Note: I am currently coding in java. I am looking to read input data into a string, one line at a time (or more), and I expect a lot of total lines.
Right now I have implemented
scanner in = new Scanner(System.in)
while (in.hasNextLine()) {
separated = in.nextLine().split(" ");
...
}
because within the line my inputs are space delimited.
Unfortunately, with millions of lines this process is VERY slow and he scanner is taking up more time than my data processing, so I looked into the java.io libraries and found a bunch of possibilities and I'm not sure which one to use (ByteArrayInputStream
, FileInputStream
, BufferedInputStream
, PipedInputStream
). Which one should I use?
To specify, my data is being piped in from a text file, every line has either 4 or 6 words ended by a newline character, and I need to analyze one line at a time, setting the (4 or 6) words to an array which I can temporarily manage. Data format:
392903840 a c b 293 32.90
382049804 a c 390
329084203 d e r 489 384.90
...
Is there a way where scanner can read 1000 or so lines at a time and become efficient or which of these datatypes should I use(to minimize speed)?
Sidenote: while experimenting I have tried:
java.io.BufferedReader stdin = new java.io.BufferedReader(new java.io.InputStreamReader(System.in));
while(in.ready()){
separated = in.readLine().split(" ");
...
}
Which worked well, just wondering which one works best, and if there's any way to, say, read 100 lines into data at once then process everything. Too many options looking for the optimal solution.

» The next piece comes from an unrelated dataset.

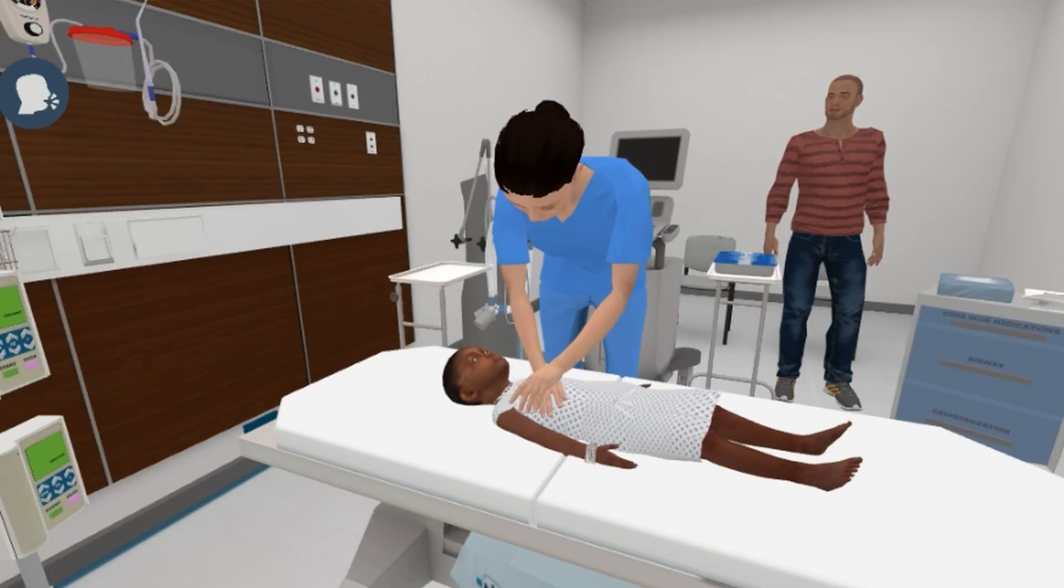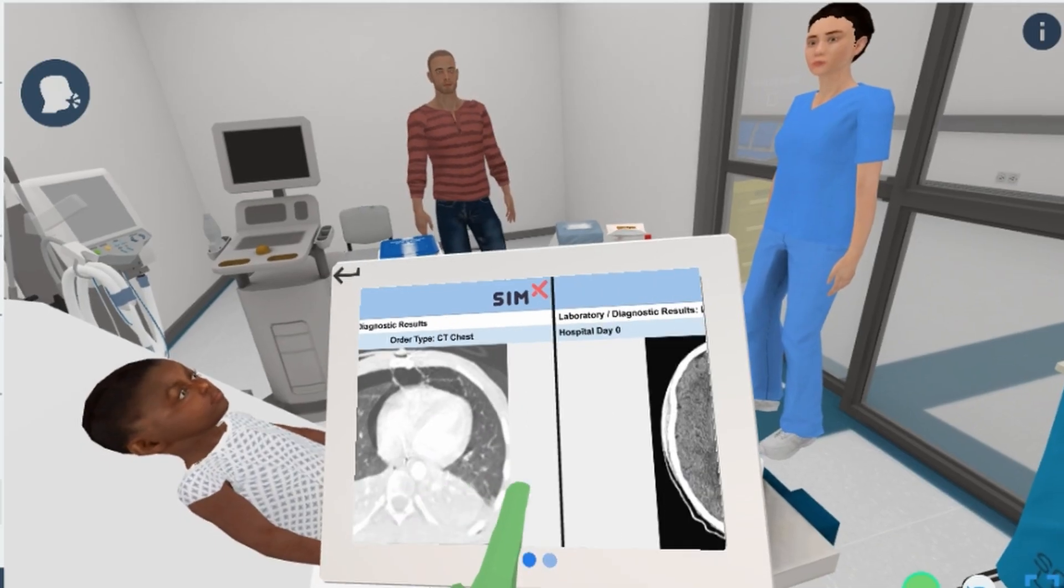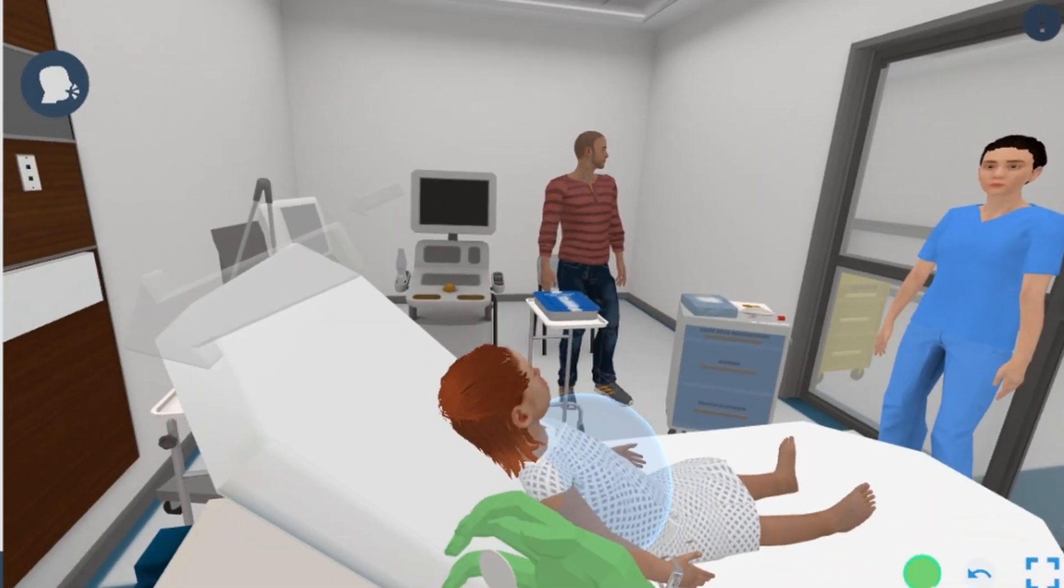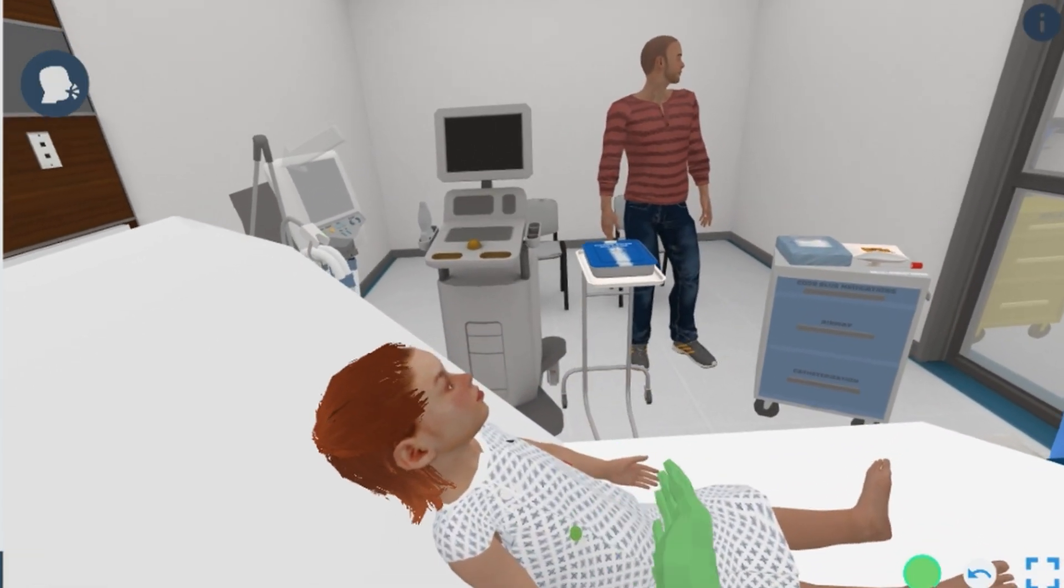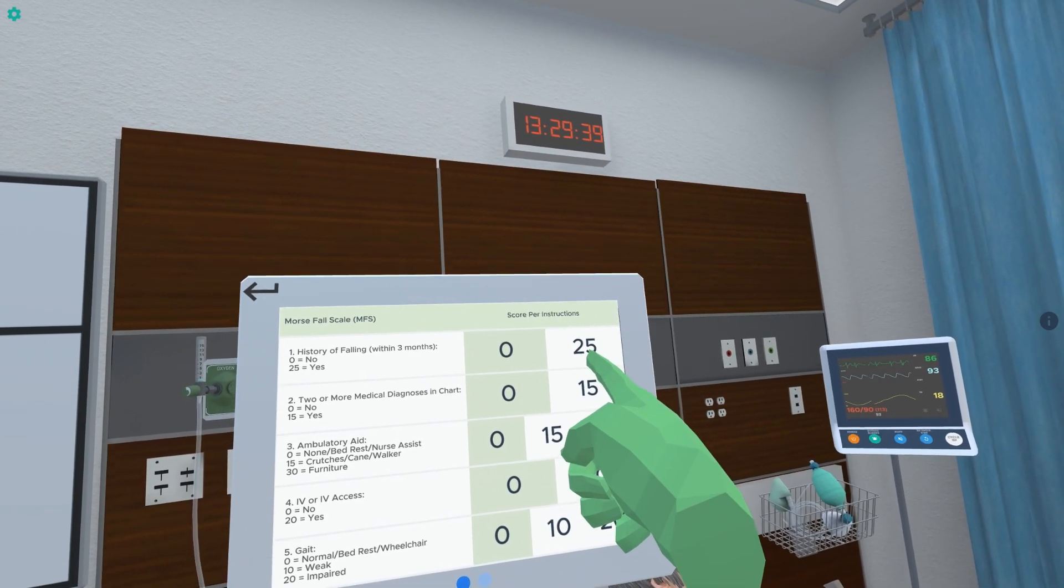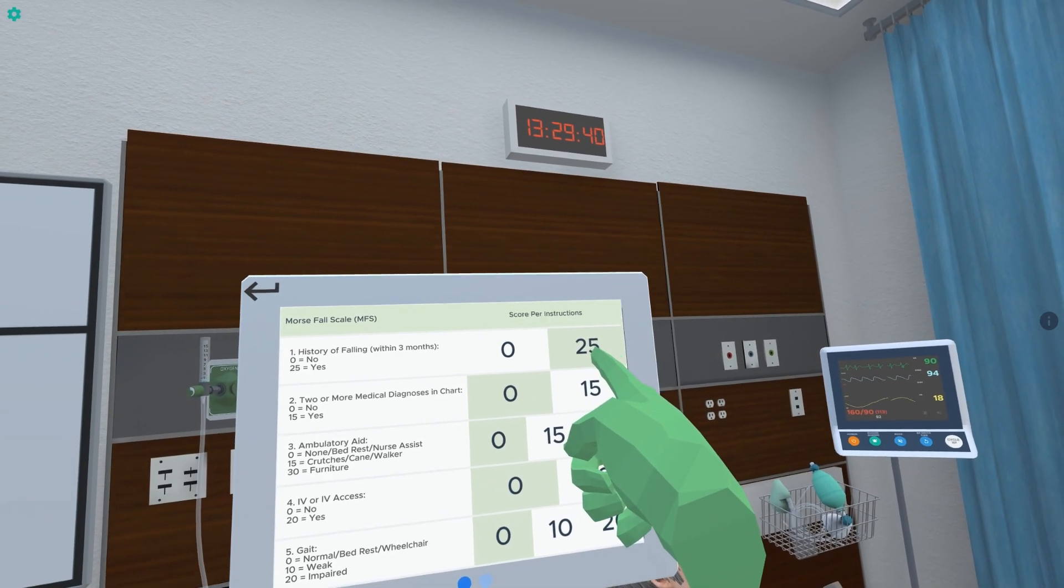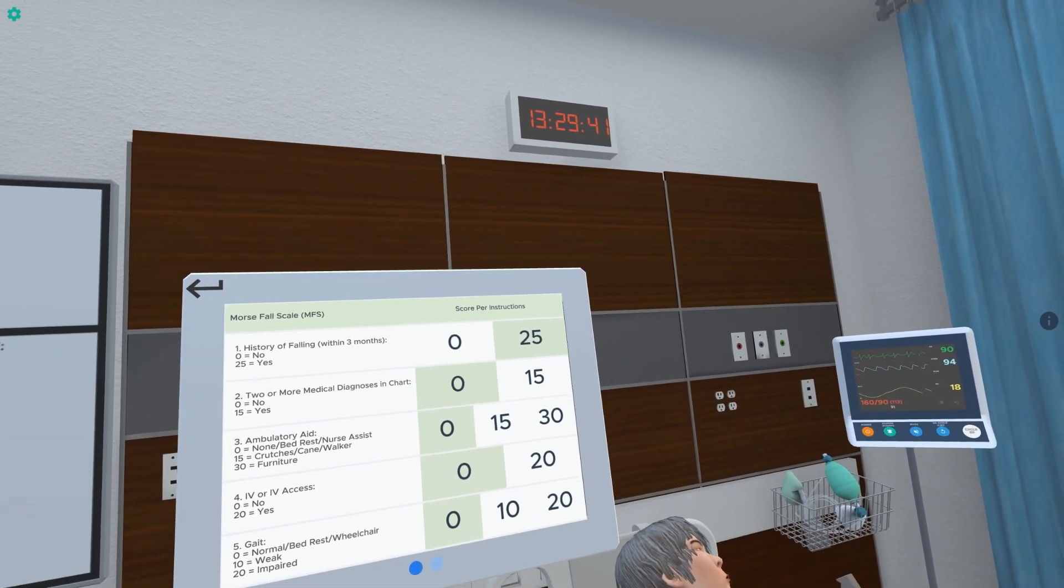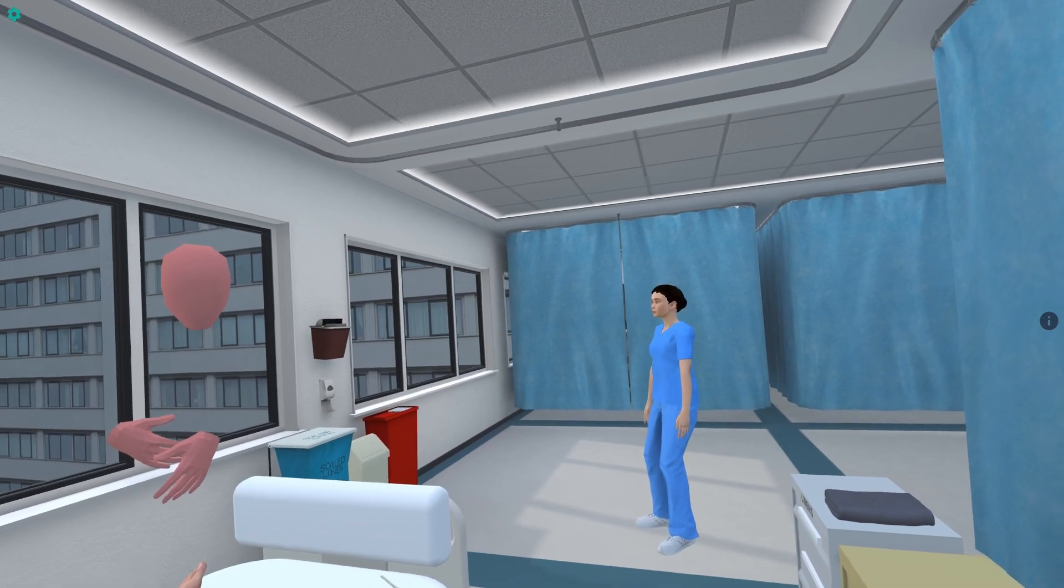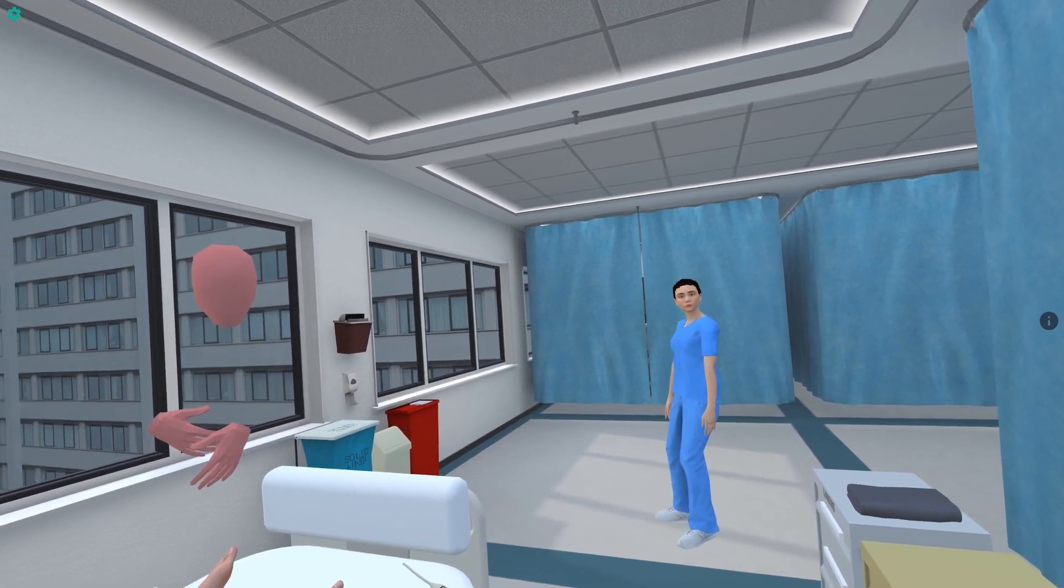The SimX Virtual Mannequin Series with custom case creation technology is revolutionizing medical education worldwide. Building a fully customized realistic simulation has never been easier or quicker.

You should wrap your System.in
with a BufferInputStream
like:
BufferedInputStream bis = new BufferedInputStream(System.in);
Scanner in = new Scanner(bis);
because this minimises the amount of reads to System.in which raises efficiency (the BufferedInputStream).
Also, if you're only reading lines, you don't really need a Scanner, but a Reader (which has readLine()
and ready()
methods to get a new line and see if there's any more data to be read).
You would use it as such (see example at java6 : InputStreamReader):
(I added a cache size argument of 32MB to BufferedReader
)
BufferedReader br = new BufferedReader(new InputStreamReader(System.in), 32*1024*1024);
while (br.ready()) {
String line = br.readLine();
// process line
}
From the InputStreamReader doc page:
Without buffering, each invocation of read() or readLine() could cause bytes to be read from the file, converted into characters, and then returned, which can be very inefficient.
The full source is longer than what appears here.